Cash- vs. accrual-basis accounting for small business
Find out which method is a better fit for your business.
The accounting method you use — either cash- or accrual-basis — shapes the way you track your business financials. Before you choose one method, learn about the benefits, requirements and tax-related impact of each.
Understanding how they differ
The primary difference between cash and accrual accounting is when you record a transaction and the associated income. With cash accounting, you record income only when you receive payment from customers — whether they pay with cash, credit card, check or another payment method.
Likewise, expenses are recorded only when the cash leaves your bank account. For example, if you buy a product or acquire a service using trade credit, that expense will only be recognized when your business has actually paid off that debt using its cash.

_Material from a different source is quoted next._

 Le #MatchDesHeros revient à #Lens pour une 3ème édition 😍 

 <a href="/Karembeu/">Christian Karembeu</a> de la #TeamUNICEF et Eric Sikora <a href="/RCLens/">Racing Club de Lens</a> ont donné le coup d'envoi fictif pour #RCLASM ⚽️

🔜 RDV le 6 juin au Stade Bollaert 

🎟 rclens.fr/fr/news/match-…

Using the accrual method, revenues are recognized at the time a transaction takes place — regardless of when payment is received. For example, if your business sells 100 units of a product or provides a service, the revenue is recorded at the time of sale or when the service is delivered, regardless of when the customer actually pays you.

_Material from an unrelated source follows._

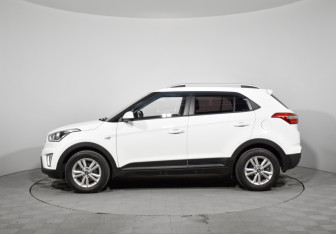 Подержанный автомобиль Hyundai Creta 2018 года (8 фото)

Similarly, expenses are logged at the time your business makes a purchase, not when cash leaves your bank account. In this case, you would account for a purchase that your business makes using trade credit at the time of purchase, not when the account is actually paid off.
Choosing the best method
The primary benefit to the accrual method is that it helps you align your income and expenses within a given time period. The accrual method can help you track patterns in business income and expenses more accurately, but does not always provide a clear picture of cash on hand. For instance, your books may show a growth in sales, but you may not appreciate that cash reserves are running low because you haven't received payment for the sales yet.
The primary benefit to the cash method is that it's easier to gauge your available cash. However, since this method doesn't necessarily help you match income and expenses for a given month or year, it can make assessing long-term profitability more difficult. For example, you could see a large influx of cash in one month — but this may be the result of customers paying older debts rather than representing a surge in profitability.
Although many individuals and small businesses use cash-basis accounting, the Internal Revenue Service has rules which may dictate the use of the accrual method for your business.
Considering tax implications
The method of accounting you use does impact how you report your business taxes. With the cash-basis method of accounting, you must record and report income the year it is received rather than when the product or service was supplied. For instance, if you perform a service for a customer in 2016 but that customer doesn't pay for the service until 2017, that income wouldn't be included in your 2016 income under the cash-basis method. However, under the accrual-basis method, that income would be included in your 2016 income because that is when the service was performed.
With the cash-basis method you can only take deductions for qualified business expenses in years where payments were actually made. For example, if you order office equipment in 2016 but don't pay for that equipment until 2017, a deduction can't be applied to the 2016 tax year. With the accrual method, you would apply the deduction in 2016 because that's when the equipment was delivered and billed.
The summary above only introduces a basic understanding of the two accounting methods. You should consult your tax advisor for a complete evaluation of the pros and cons associated with each accounting method and of your business's specific situation.